→ RAW DATA

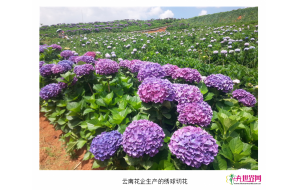 云南:绣球切花进入淡季 价格低迷致部分鲜花剪丢地中 云南:绣球切花进入淡季 价格低迷致部分鲜花剪丢地中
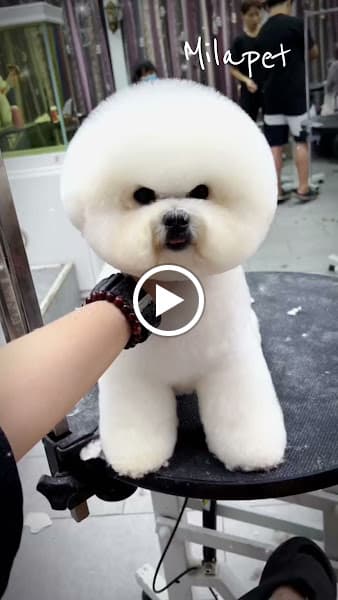 Hình ảnh MiLa Pet Gia Bình - Cửa Hàng Thú Cưng - 3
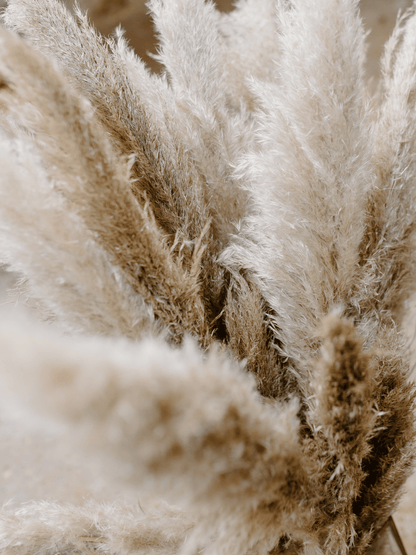 Cortaderia selloana - Pampasgras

→ TASK BRIEF
Any picture found in the data is to be skipped while the rest is copied exactly.

→ SOLUTION TO THIS EXERCISE
 云南:绣球切花进入淡季 价格低迷致部分鲜花剪丢地中 云南:绣球切花进入淡季 价格低迷致部分鲜花剪丢地中
 Hình ảnh MiLa Pet Gia Bình - Cửa Hàng Thú Cưng - 3
 Cortaderia selloana - Pampasgras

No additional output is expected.